In digital health, the Technology F example may be a digital therapeutic that has demonstrated statistically significant effects on depressive symptoms, but with a low effect size compared to pharmacologic treatment. In this case, the company allows the app to be downloaded via an app store without a prescription from a provider. Providers may recommend the application to patients and thus patients have ease of access, and direct cash pay ability yielding favorable payment to the company. In the future, this scenario may play out as digital therapeutics gain reimbursement that may be crosswalked to existing medical devices and drug rates.
Characteristics of the Quadrants
This concept model does not account for all factors that determine the success of digital health products and services but provides an important framework for how healthcare delivery organizations think about adoption.
Quadrant 2 (Q2) with high reimbursement will be the most successful, but even lower reimbursement can still lead to rapid adoption.
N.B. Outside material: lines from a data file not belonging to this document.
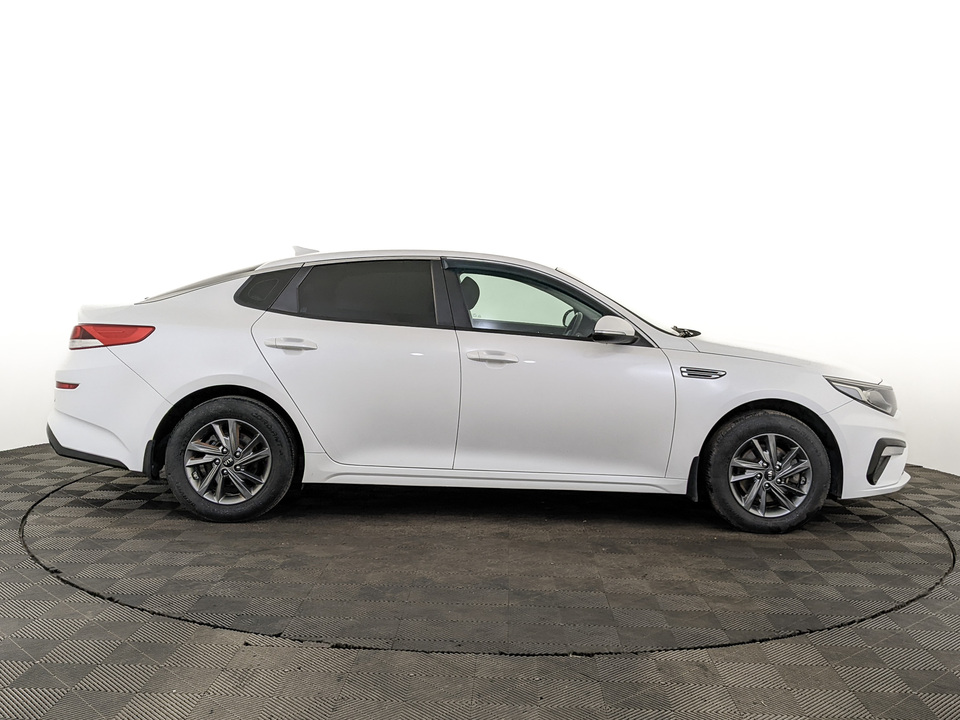 car-card-slide Kia Optima 2018 171 095км фото №4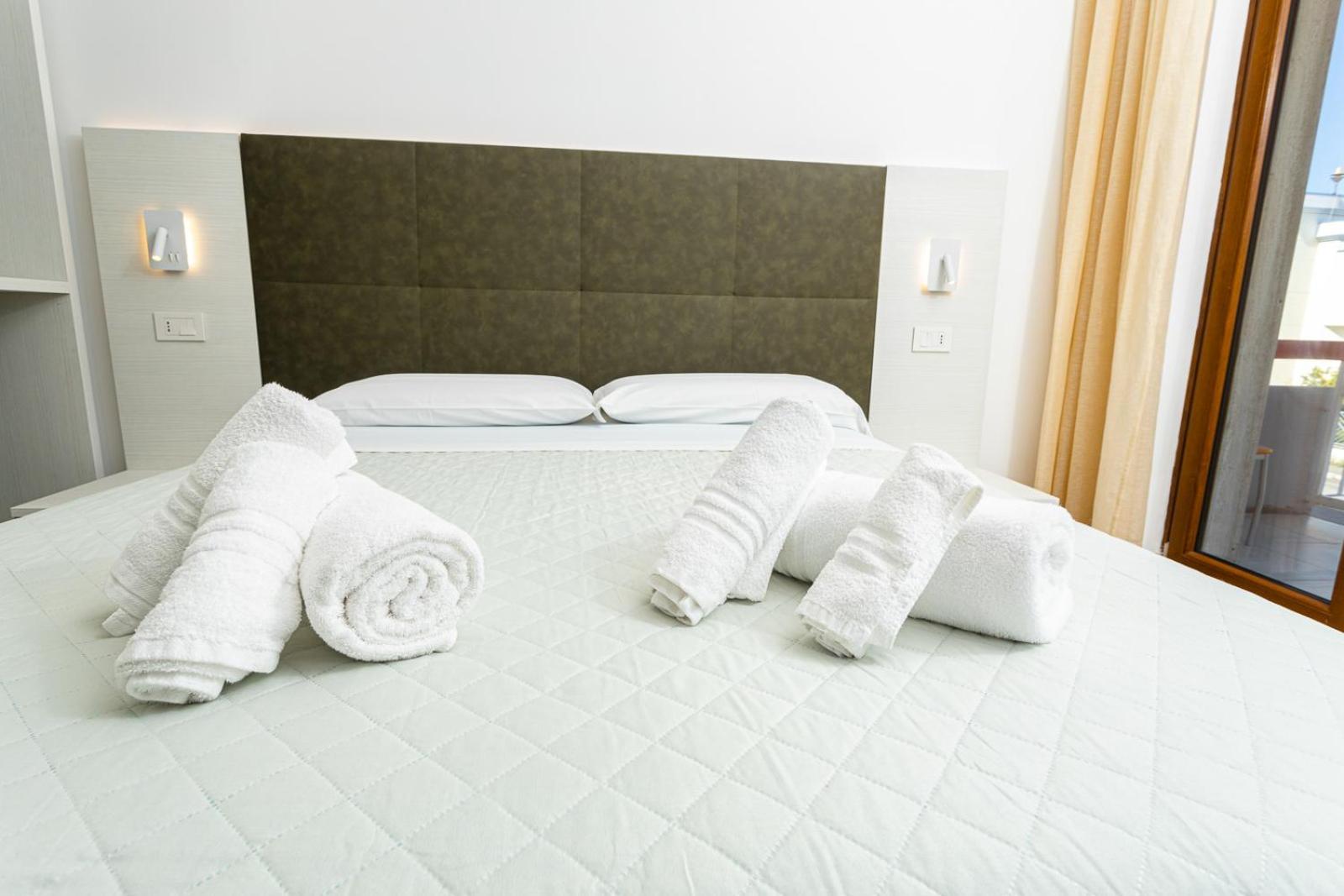Gallo'S City Rooms Термолі Екстер'єр фото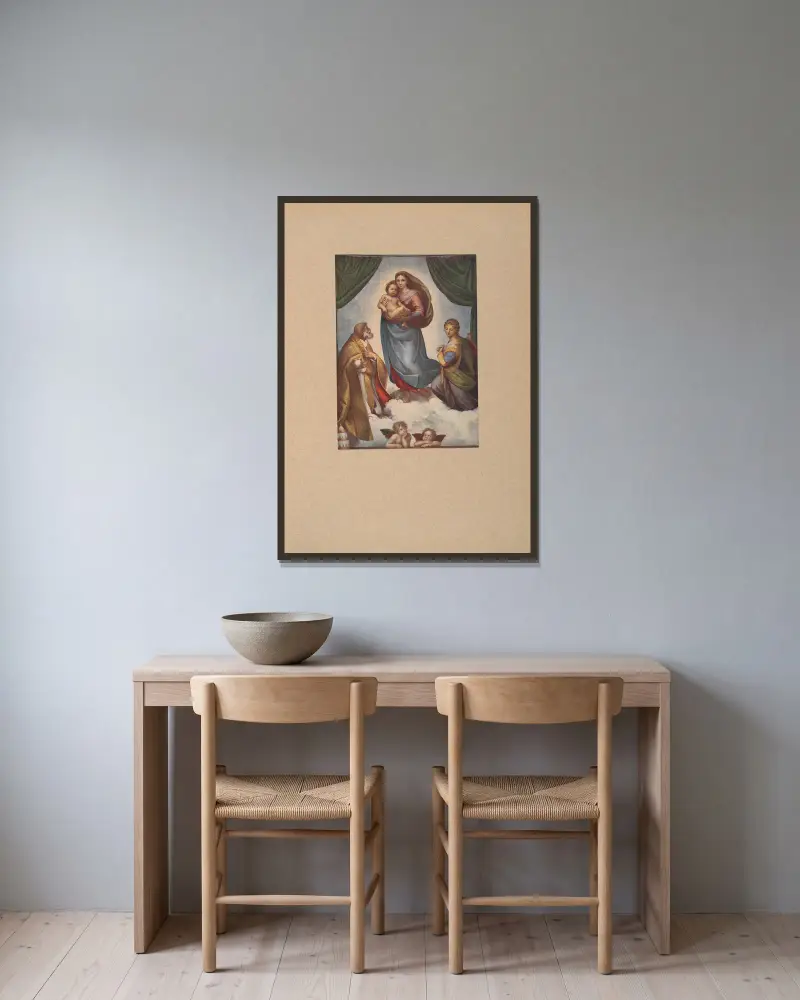 Raffael, Sixtinische Madonna von Corrado Ricci gerahmt an einer Wand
Quadrant 3 (Q3) is not likely to produce success. Identifying Q3 companies is important. Quadrant 1 (Q1) relies on high-reimbursement and high-quality evidence to garner adoption but may take more time than Quadrant 2, thus companies in this quadrant must raise additional funds to continue operations over time until operational disruption can be addressed. Quadrant 4 (Q4) is very beholden to the magnitude of reimbursement. Given the low operational disruption, the company’s success will be determined by COGS and reimbursement rate. In a Q4 situation, effective marketing can yield results despite low clinical effectiveness, particularly if the product experience is good.
Conclusion
The impact of healthcare products and services on the humans that administer and recommend them is important to identify in the current healthcare environment. Given high rates of turnover and workforce dropout, digital health companies must understand their strategy to ensure that workforce risk is minimized in product design, contracting, implementation, and ongoing operations.